In late June, the Second Interdisciplinary Colloquium took place at the Department of History and Philosophy of Science. This year it was aimed at the phenomena of maps and graphs – which concerns any type of scientific work.

The event starts with the Eliška Fulínová’s paper, focusing on the topic of “Anthropocene”: maps and diagrams with steeply rising lines are widely used for a description of the current global situation, from mineral quarries to social phenomena. Graphic visualisations of this type involve an ethical appeal rather than exact information. They are intended to move the reader towards environmental protection.  Furthermore, diagrams showing incommensurable values, often devalue information presented in this way. In the process of diagram construction, it is possible to do various “tricks”: this is the reason why a trivial message may seem to be of high importance and, on the contrary, some important information could easily be downplayed. A striking example is the ‘hockey diagram’ of global climate changes, disputed by scientists and politicians, including the Czech ex-President. Every scientist and reader of scientific texts should be aware of these problems, occurring in diagram construction.

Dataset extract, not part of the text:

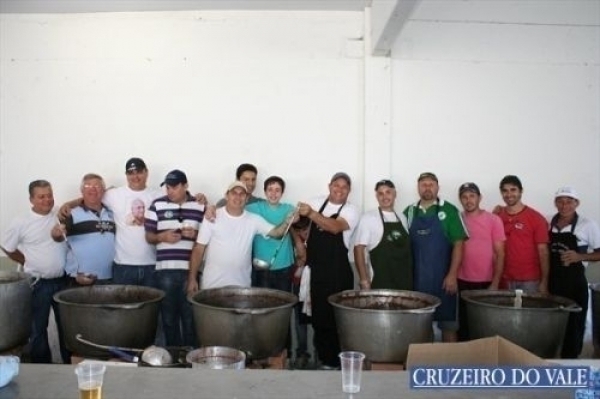 Feijoada do Tio Valdir acontece ao meio dia de sbado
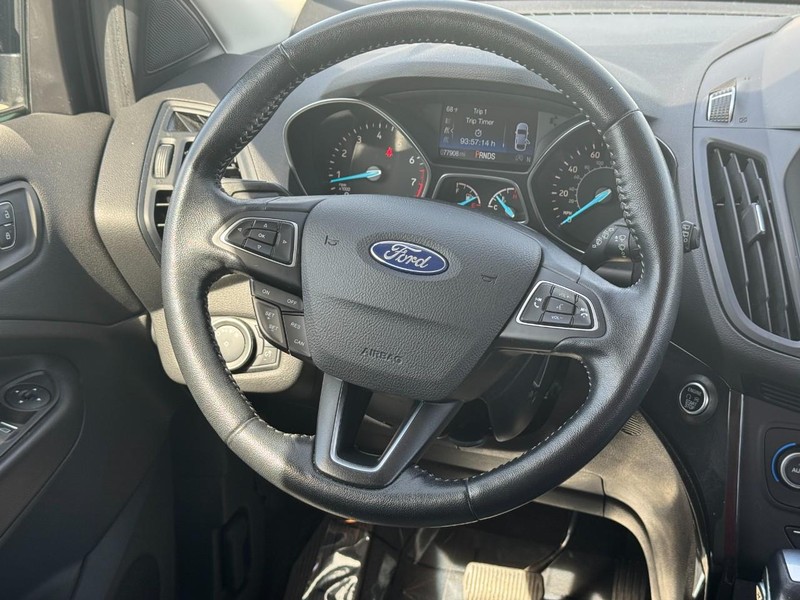 Ford Escape Vehicle Full-screen Gallery Image 13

Entomologist Karel Chobot showed many examples of the misinterpretation of plotting ranges of species distributions in maps. In recent decades, this kind of visualisation has undergone a turbulent development, from handmade dotting in maps to up-to-date applications using GPS coordinates. Anyhow, even the best and most detailed map fails to be a perfect image of nature. It is and can be merely an interpretation, including many various distortions. As an example he mentioned the well-known quadrate mapping, which is always highly influenced with our choice of quadrates, weather, the experience of the person, etc.

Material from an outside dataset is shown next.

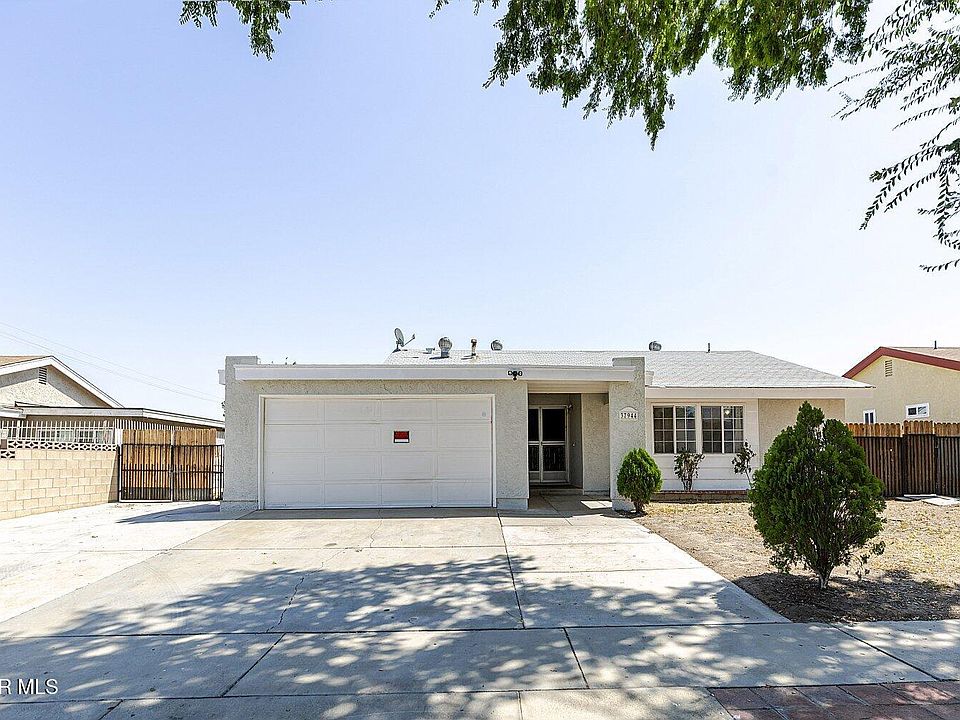 37944 29th St E, Palmdale, CA 93550 | Zillow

It was followed by the contribution from Roman Figura on maps describing the range of bird species. Birds are living beings that move fast and attempts to determine the ranges are often sadly dissatisfactory. In addition, standard mapping techniques are not very successful in describing such occurrences such as, for example, sudden bird invasions in uncommon areas or the spread of an entirely new species. The over focus of ornithologists on mapping and the number of species may result in neglecting surveys of other issues of birds and their lives.

Jan Bláha demonstrated how far the contemporary method of landscape description and visualisation differs to the way of description and visualisation in other cultures. He used the native inhabitants of New Guinea, who describe landscape in a very different way from an precise up-to-date map with a certain scale.

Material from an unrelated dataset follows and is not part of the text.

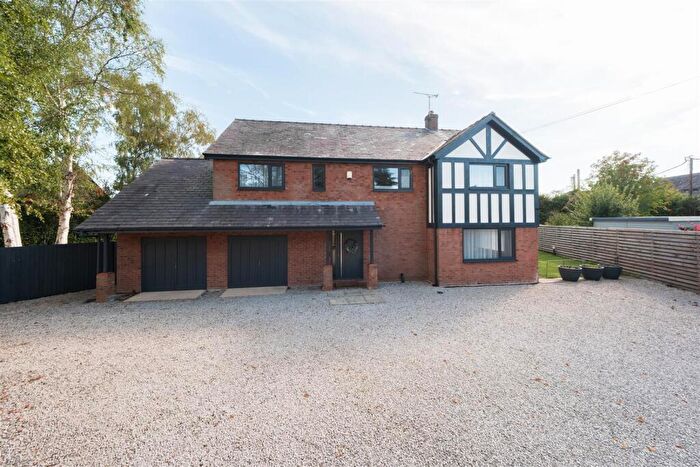 4 Bedroom Detached House For Sale In Whitchurch Road, Bunbury Heath, CW6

Young geologist and painter Adam Kašpar, already famous for a number of successful art exhibitions, explained his precise work method, based on scientific insight. It is this combination that enables him to make monumental paintings of rocks and stones. It is an example of science and art working in harmony, which contributes to the enrichment of our minds.

The second block of the colloquium was dedicated to reflections on visualisation techniques from different views. The paper from Tomáš Kolich presented the use of the method of net visualisation in Humanities and how diagrams start to live their “own lives” and pervade in art. – Lukáš Pilka came with a contribution on the current topic of the mechanical recognition of images. Science is not the only sphere of interest in this issue: modern security programmes are able to recognize and identify the human face, which leads to far-reaching ethical and security implications. Anna Kvíčalová presented a fascinating field: the visualisation of sounds and sound studies. In a science that usually prefers exact visualisations, such an approach is often neglected. The closing paper by Jindřich Brejcha was about the scientific seizing of animal colouration. Ever since at least J. W. Goethe, there have been issues on the table that still have not been fully comprehended even up to our day and age. We know that colours play a key role in communication among animals, though the issue of their perception and quantification has not yet been definitely resolved.

In spite of the high diversity of papers, one important message was often heard at the colloquium. Data visualisation can never be an exact “copy” of nature. The creation and reading of diagrams are the work of an interpretative kind that may be just as useful as it can be misleading. That is why visual literacy should be one of the key competences of any research worker and well as an erudite reader.